Business News of Thursday, 14 March 2013
Source: Graphic Business
GroFin Ghana Limited, a development financier of small businesses in the country, is to invest about GHC10 million to financially distressed small and medium enterprises (SMEs) across the country this year.
This will bring the company’s total fund commitment to SMEs in the country to over GHC30 million after opening its Ghana office three years ago. The General Manager for GroFin Ghana, Mr Samuel Sedegah, who disclosed this in Accra, said the company was expecting its clientele base to rise to 60 by the close of 2014.
“This year, we hope to invest about GHC10million in SMEs across the country. By next year, we want clients who have benefitted from our expertise to hit 60, Mr Sedegah said. GroFin is an SME development financier in Africa that assists entrepreneurs and their businesses with funds and technical expertise to grow and drive socio-economic development.

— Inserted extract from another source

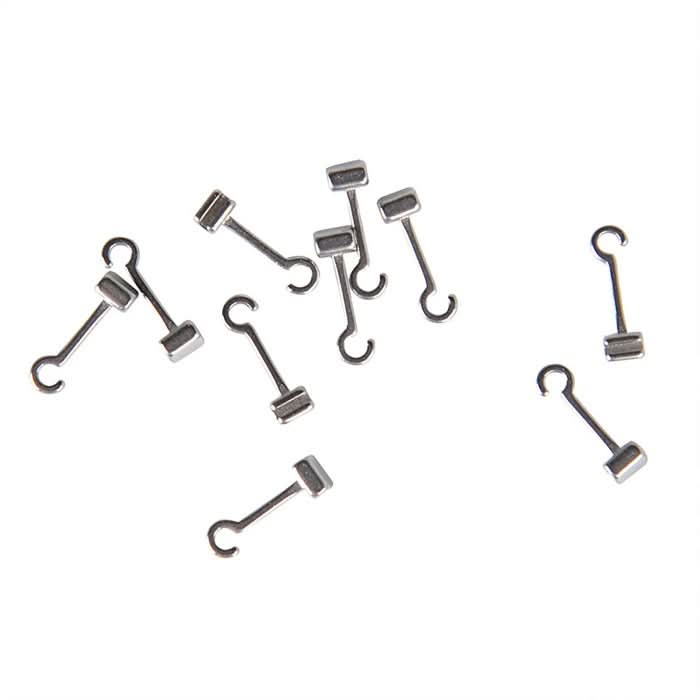 Dental Crimpable Hooks Long Curved Right/Left 10pcs/Bag - pairaydental.com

It was established around 2004 as a special alternative to SMEs in need of funding and currently has a committed capital in excess of US$320 million. The company extended its services to the country in 2010 and within the three years, has been supporting about 36 businesses with about GHC25 million, according to Mr Guido Boysen, the Chief Executive Officer of GroFin Africa.
Mr Boysen, who was on a working visit to the country, added that about nine other businesses will be benefiting from GroFin’s financial and technical support by April this year.
The company supports local businesses in need of funds between US$50,000 to US$1.5 million to expand their operations, according to the country manager of GroFin. He explained that such businesses must employ less than 150 people and have a turnover of about US$20 million.
Mr Sedegah, however, added that “obviously, some are much smaller than that and some grow to be larger while they are with us.” The GroFin Ghana GM, however, warned that although his outfit offered tailor-made financial and technical assistance to its varied clients, it should not be misconstrued to mean “what we offer is free money.”
“The terms of our loans are based on what we think the business needs and that is based on our conversations with the entrepreneur and analysis of the business plan.” “For us, we first look at whether the business is viable and managed and owned by committed entrepreneurs or business people that are local and involved directly in the business themselves,” he explained.
He further encouraged financially distressed businesses; especially those of the SME sector, not to hesitate in contacting the company for financial support to enable them expand and create more jobs.